+++ DATA TO PROCESS +++

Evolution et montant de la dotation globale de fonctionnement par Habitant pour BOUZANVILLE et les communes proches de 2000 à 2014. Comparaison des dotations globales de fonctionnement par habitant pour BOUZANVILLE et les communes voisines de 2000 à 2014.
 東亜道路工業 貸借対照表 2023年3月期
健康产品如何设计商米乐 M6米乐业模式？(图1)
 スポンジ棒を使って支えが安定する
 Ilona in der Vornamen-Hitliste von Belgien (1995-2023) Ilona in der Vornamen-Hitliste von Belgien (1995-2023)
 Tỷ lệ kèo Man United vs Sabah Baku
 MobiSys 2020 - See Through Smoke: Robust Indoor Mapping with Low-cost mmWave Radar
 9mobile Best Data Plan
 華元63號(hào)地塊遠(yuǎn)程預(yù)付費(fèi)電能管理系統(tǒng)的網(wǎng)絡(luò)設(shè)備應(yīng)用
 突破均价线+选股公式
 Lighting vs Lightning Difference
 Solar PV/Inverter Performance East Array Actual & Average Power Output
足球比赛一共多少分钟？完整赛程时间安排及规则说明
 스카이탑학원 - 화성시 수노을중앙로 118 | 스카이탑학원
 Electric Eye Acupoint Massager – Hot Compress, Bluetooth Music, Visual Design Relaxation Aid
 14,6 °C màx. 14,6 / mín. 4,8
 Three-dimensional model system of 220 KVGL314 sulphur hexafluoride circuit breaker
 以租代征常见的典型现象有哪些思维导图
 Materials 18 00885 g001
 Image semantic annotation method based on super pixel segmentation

+++

● YOUR OBJECTIVE
Repeat, exactly as they stand above, the lines from the line with "東亜道路工業 貸借対照表 2023年3月期" to the line with "Lighting vs Lightning Difference", both lines included.

● SOLUTION BELOW
 東亜道路工業 貸借対照表 2023年3月期
健康产品如何设计商米乐 M6米乐业模式？(图1)
 スポンジ棒を使って支えが安定する
 Ilona in der Vornamen-Hitliste von Belgien (1995-2023) Ilona in der Vornamen-Hitliste von Belgien (1995-2023)
 Tỷ lệ kèo Man United vs Sabah Baku
 MobiSys 2020 - See Through Smoke: Robust Indoor Mapping with Low-cost mmWave Radar
 9mobile Best Data Plan
 華元63號(hào)地塊遠(yuǎn)程預(yù)付費(fèi)電能管理系統(tǒng)的網(wǎng)絡(luò)設(shè)備應(yīng)用
 突破均价线+选股公式
 Lighting vs Lightning Difference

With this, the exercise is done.